Collected material>
= Beginning of Section =
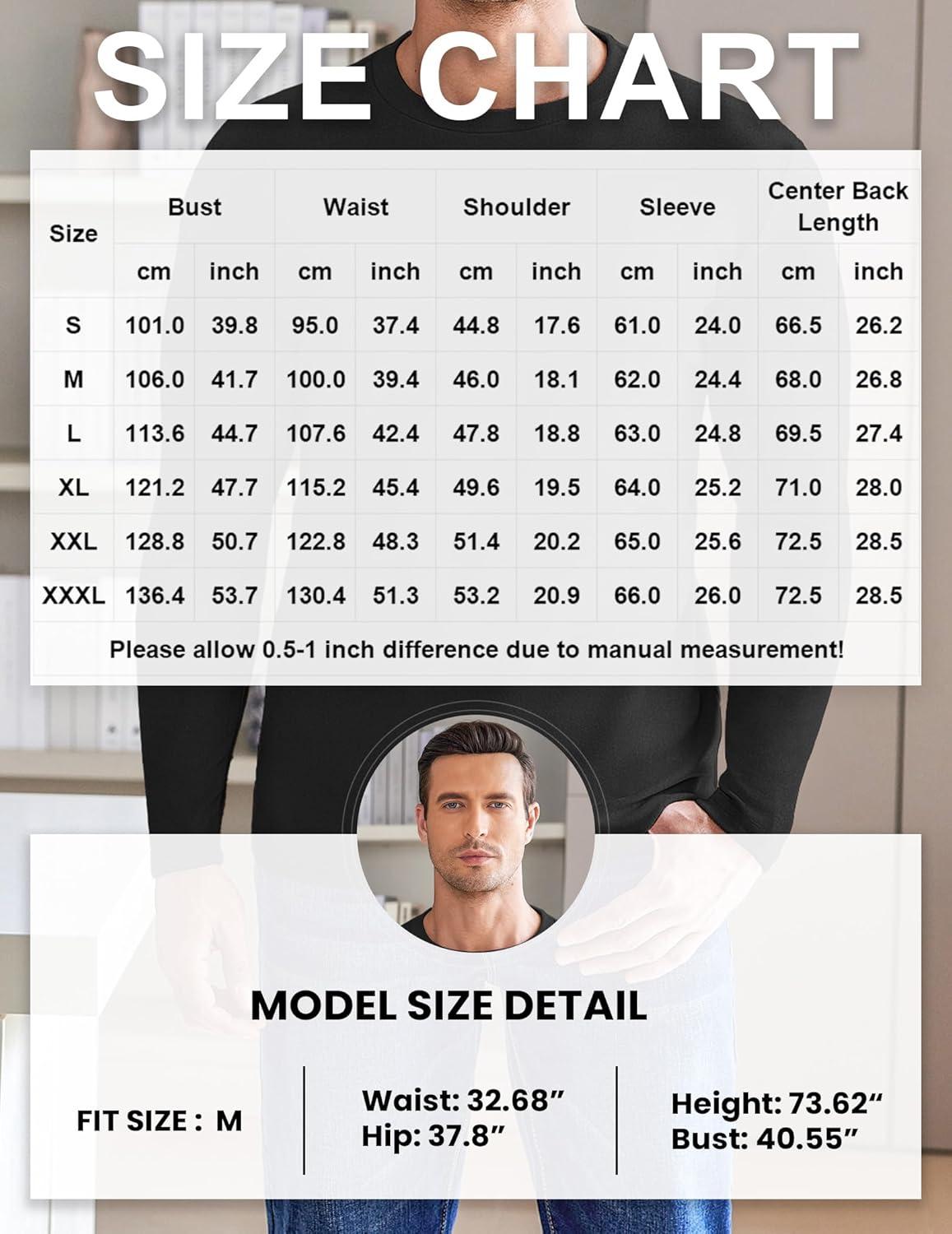 imageEkouaer Mens Long Sleeve Shirts Crew Neck Fleece Thermal Undershirts Midweight Sweatshirts Soft Base Layer Pullover Tee TopsGrey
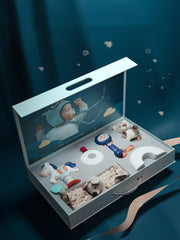 Happy Newborn Moon Gift Toy Set - Luxury Gift Box For Babies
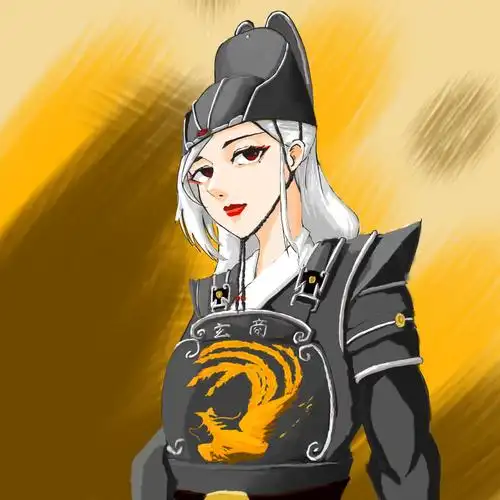 御姐女将军虚拟主播形象 - 米画师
= End of Section =
Task to complete> The expected output is the full material above, unaltered, with pictures removed.

Reply>
 imageEkouaer Mens Long Sleeve Shirts Crew Neck Fleece Thermal Undershirts Midweight Sweatshirts Soft Base Layer Pullover Tee TopsGrey
 Happy Newborn Moon Gift Toy Set - Luxury Gift Box For Babies
 御姐女将军虚拟主播形象 - 米画师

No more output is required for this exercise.